PROBLEM DESCRIPTION =>
Everything from the line with "Marry Him Retro" through the last line of the data below should be copied exactly, apart from the pictures.

[Opening DATASET SECTION section]

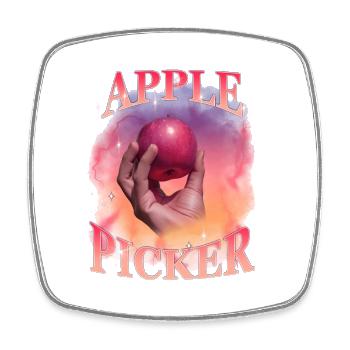 Apple Picker Retro Sunset - Viereckiger Kühlschrankmagnet - Weiß - Vorne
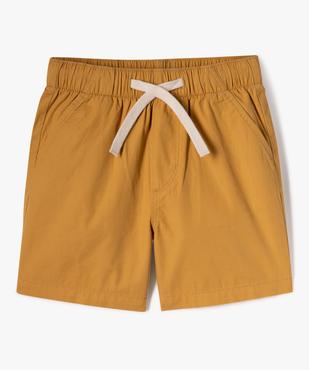 Bermuda en toile légère à taille élastiquée garçon vue5 - GEMO (ENFANT) - GEMO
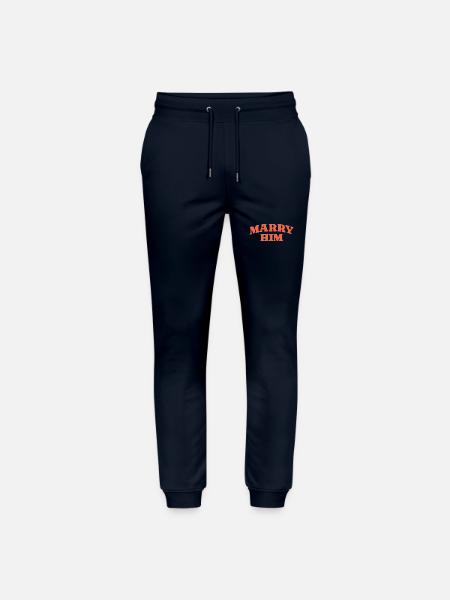 Marry Him Retro Statement - Stanley/Stella Mover Unisex Organic Jogging Trousers - navy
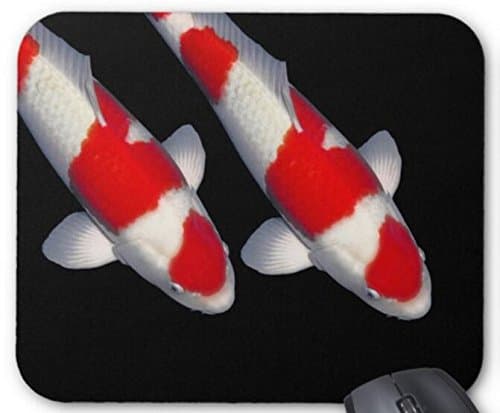 Mouse Pad Brocade carp, crimson white Mousepad Computer Accessories Gaming Mouse Mat 11.8 X 9.8 Inch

[Closing DATASET SECTION section]

YOUR RESPONSE =>
 Marry Him Retro Statement - Stanley/Stella Mover Unisex Organic Jogging Trousers - navy
 Mouse Pad Brocade carp, crimson white Mousepad Computer Accessories Gaming Mouse Mat 11.8 X 9.8 Inch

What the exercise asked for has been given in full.